A couple Saturdays ago, I convinced my boyfriend it would be a good idea for us to watch the DC animated version of The Dark Knight comic run DVD he had checked out of the library. He groaned, said the DC animations were all terrible, and then we watched it anyway so we could practice for our Riff Trax auditions.

It was, indeed, not good. Better than the Green Lantern promo (which apparently used The Incredibles’ nonunion knockoff imitator for their CGI), though – and every time the paper comic came up, my boyfriend said it was one of the best. Cognitive dissonance and an empty afternoon got me to borrow it from him.



With only a couple hours and lunch between the animation and the comic, I couldn’t separate the two. I was reading all the cheesy ticks (lame trying-to-be-hip dialogue, lines of talking heads from TV giving too-pointed commentary, a bright sterile Arkham) straight from an illustrated script. So I put it down.

But about a week and a half later, I picked it up again, backtracked a few pages, and fell in. I got over the little hump where the animation had ended and discovered a better backstory for the ridiculous villains, the new Robin rapidly gaining her feet, and the newscasts getting more useful juxtaposed against the action they were talking about. Plus the Joker woke up and started releasing doll bombs that insulted people and cold fly. I KNOW.

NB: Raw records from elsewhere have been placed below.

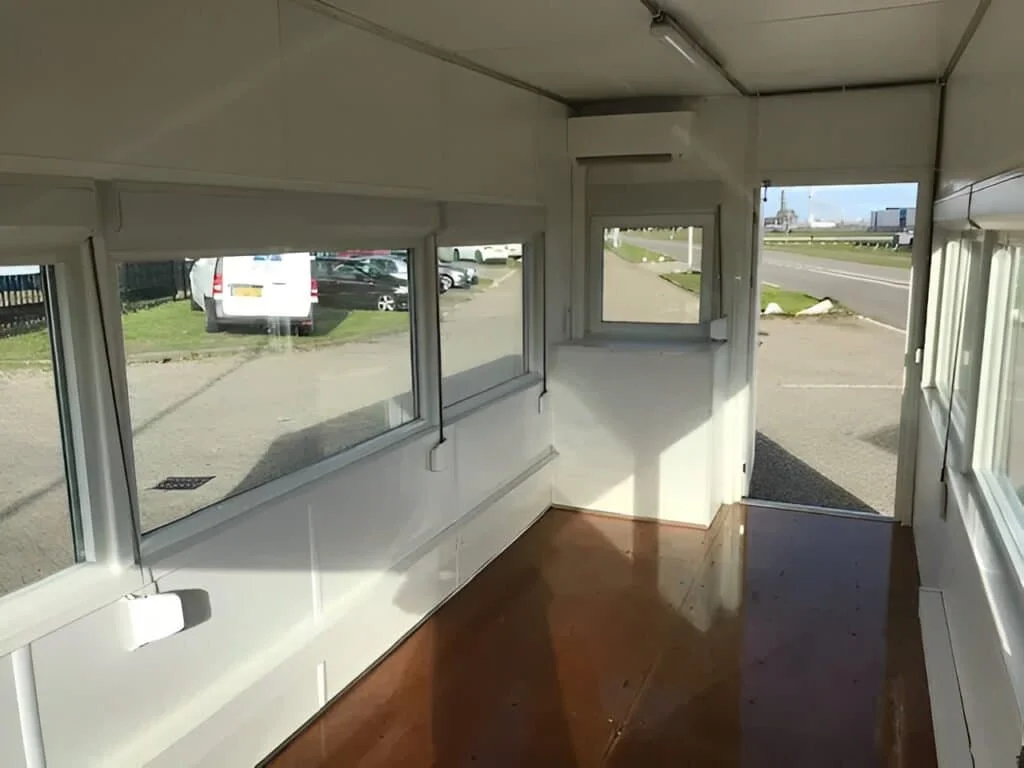 20ft High Cube Fixed Glazing Observation Container | Glass Office & Accommodation Unit - Image 5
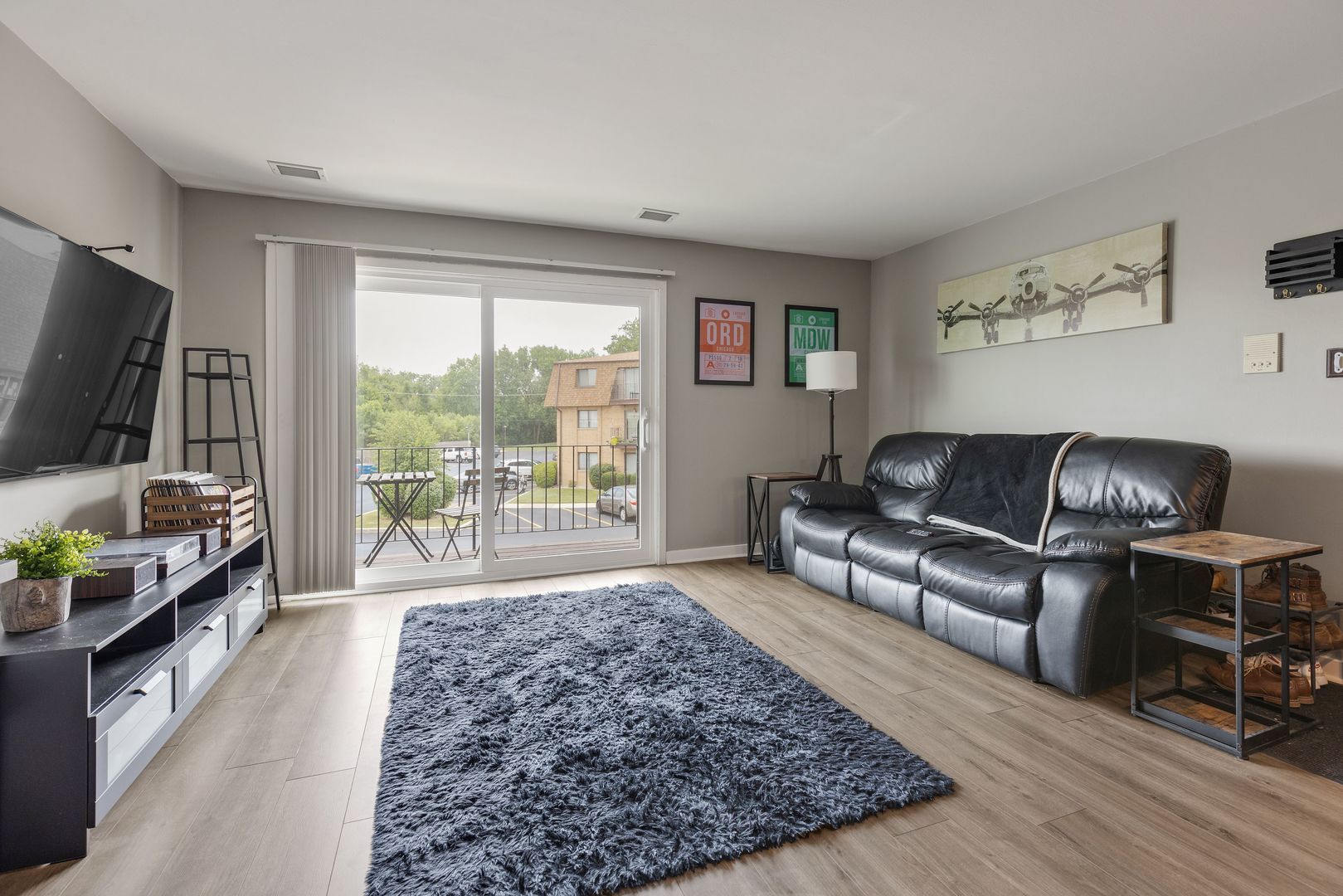 4913 W 109th Street Unit: 203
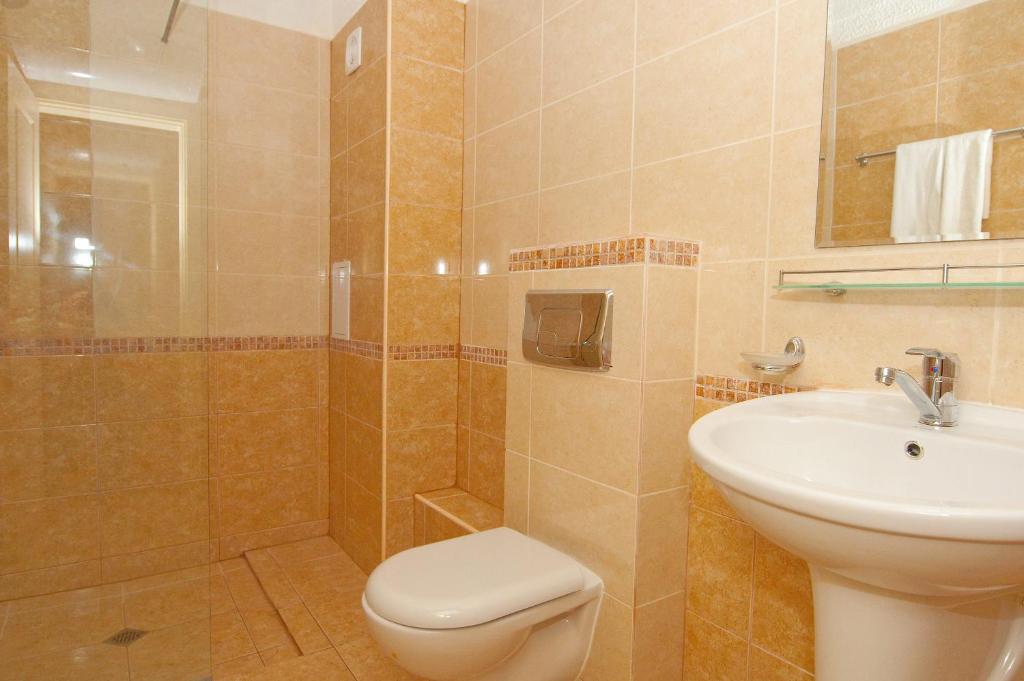 Golden Rainbow Apart Otel Sunny Beach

And then Superman showed up, not quite randomly but definitely as a counterpoint to Batman. Superman’s introduction, in a row of panels where a waving American flag gradually morphs in his cape while he and the President are discussing duty off-panel, was my favorite bit of storytelling here. It did so much with beautiful simplicity.

The rest of the art was sort of ‘80s-tastic in a good way, with geometric shapes and non-neutral colors that stayed muted enough to keep focus on the whole picture. I liked that Robin was completely gender neutral and so distinctive at the same time, and I liked that the mayor was shaped a lot like the Joker’s bomb maker. I was waiting for them to be the same person (they’re not).

The story climax and ending suddenly jolted me into remembering that hey, this series is called the same thing as Nolan’s last two movies. But it’s just one (really crucial) detail; the rest is totally original and just as dark. The ending does make better and more interesting sense here because of what Batman does with it.

So – a keeper. My boyfriend has been long convinced, and now so am I.